Balfour’un, “Bu deklarasyonu Siyonist Federasyonu’nun bilgisine sunmanızdan memnuniyet duyacağım.” kelamlarıyla son verdiği mektup, daha sonra İtalya, Fransa ve ABD’nin de takviyesini almıştı.
FİLİSTİNTOPRAKLARINA YAHUDİ GÖÇÜ ARTTI
Mektubun yazıldığı 2 Kasım 1917 tarihinden bir hafta sonra basınla paylaşılan Balfour Deklarasyonu’na savaş sonunda Osmanlı Devleti’nin imzaladığı Sevr Mutabakatı’nda yer verildi. Milletler Cemiyeti’nde 1922 yılında kabul edilen Filistin topraklarındaki İngiliz manda idaresinin temelini de bu deklarasyon oluşturdu.

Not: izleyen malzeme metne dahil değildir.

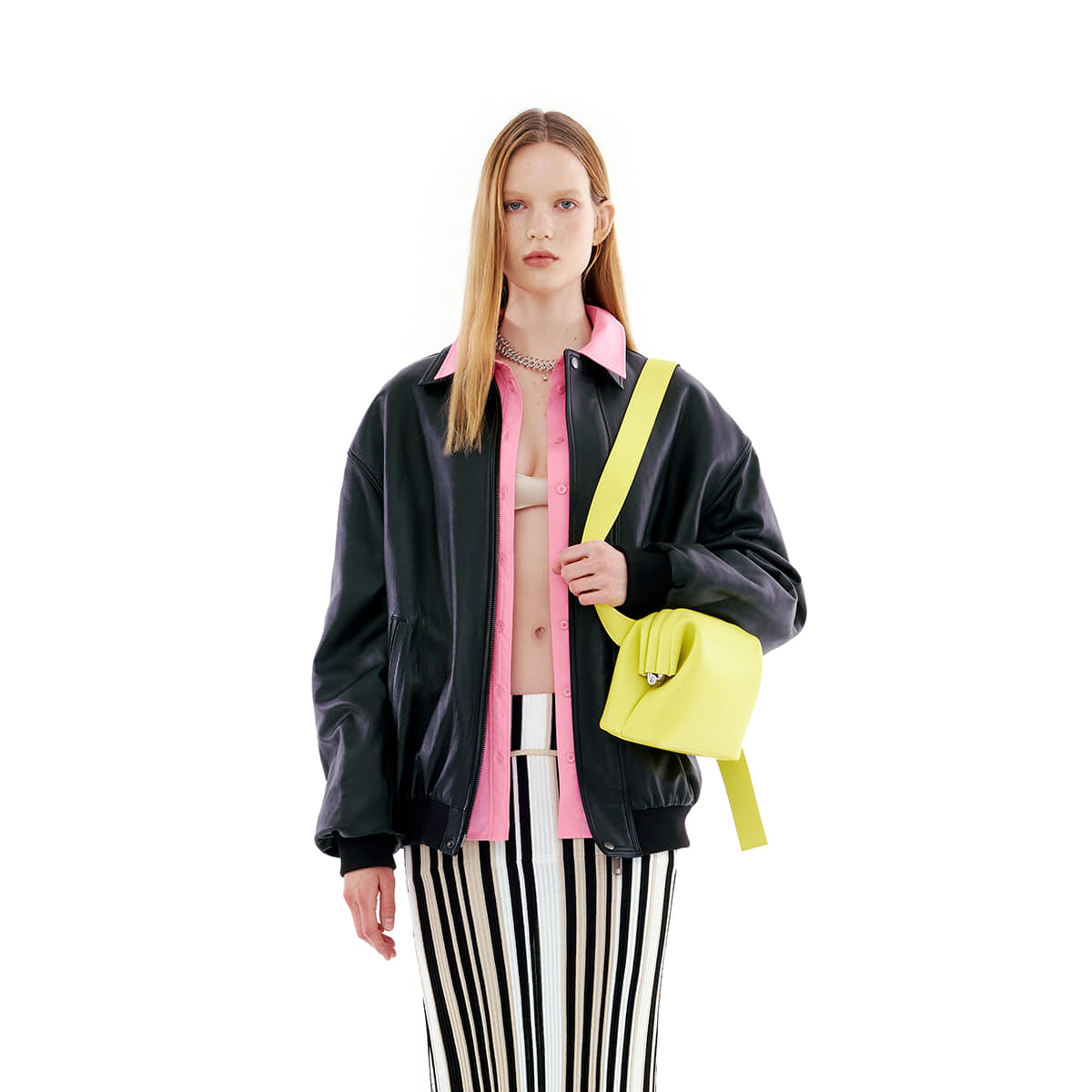      MINI BROT [DEEP YELLOW]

Balfour Deklarasyonu sonrasında İngiliz mandası altındaki Filistin’e 1920-1940 ortası devirde Yahudi göçü sürat kazandı ve son olarak Avrupa’da İkinci Dünya Savaşı sırasında Musevilere yönelik Nazilerin gerçekleştirdiği soykırım sebebiyle göç oranı giderek arttı.

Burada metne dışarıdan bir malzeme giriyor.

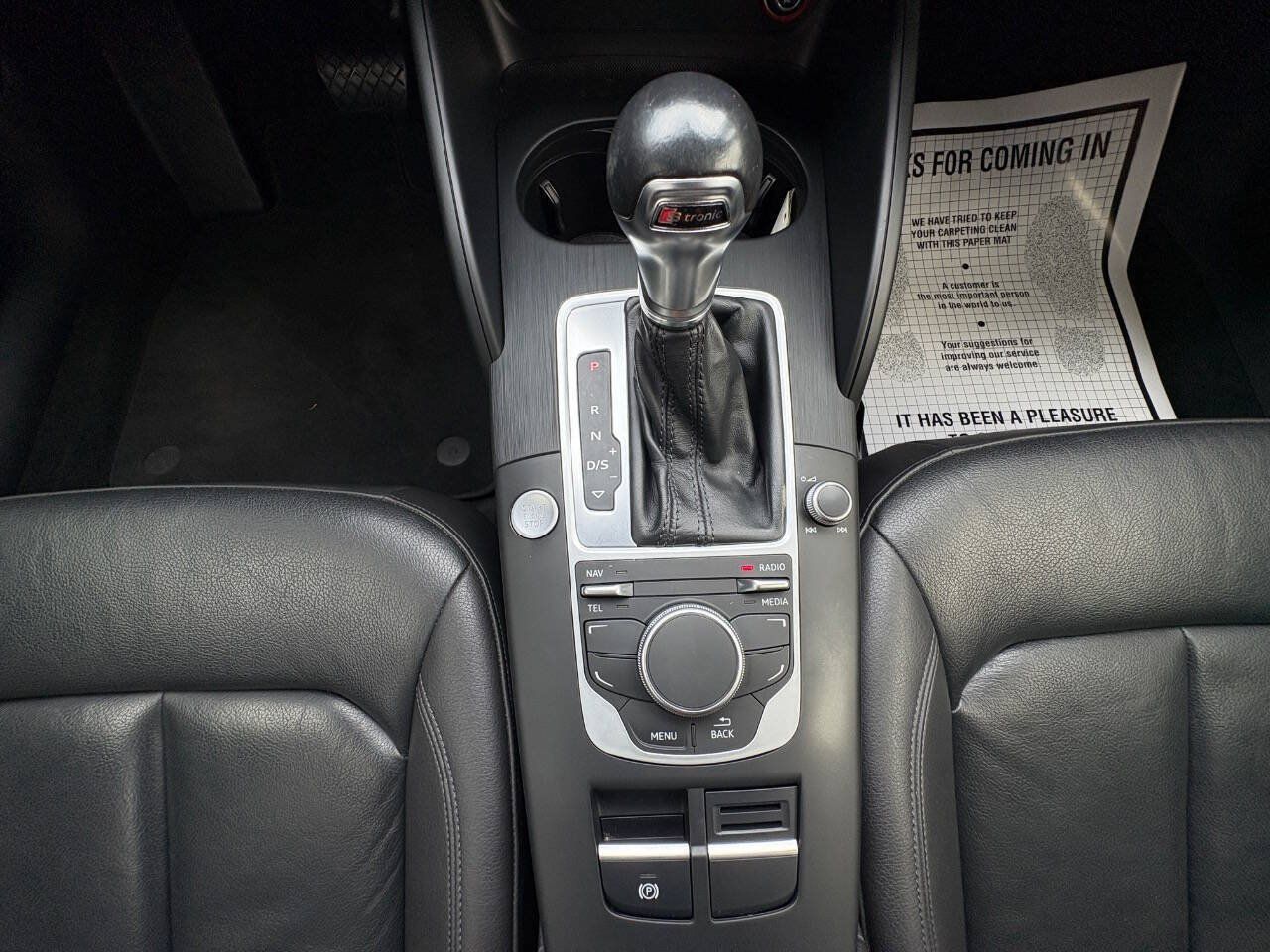 Used 2016 Audi A3 2.0T Premium AWD/4WD image 19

Bu süreçte Filistinliler, topraklarındaki Yahudi nüfusun artışına karşı çıkmaya çalıştı. Fakat İngilizlerin manda idaresini sonlandırarak Filistin’den çekilmesinin akabinde, 1948 yılında Filistinlilerin Nekbe (Büyük Felaket) diye andığı İsrail devletinin kuruluşu gerçekleşti.
İngiltere Filistin’den çekildikten sonra İsrail devletinin kurulmasıyla işgal süreci daha da ağırlaştı, yüz binlerce Filistinli yurtlarından sürüldü, büyük can ve mal kayıpları yaşandı.
Balfour’un öncülük ettiği süreçte tarihi Filistin toprakları üzerinde kurulan İsrail devleti, yarısından fazlasını mecburî göçe maruz bıraktığı Filistinlilerin halihazırda yaşadığı bölgelere hâlâ “halksız vatan” muamelesi yapıyor.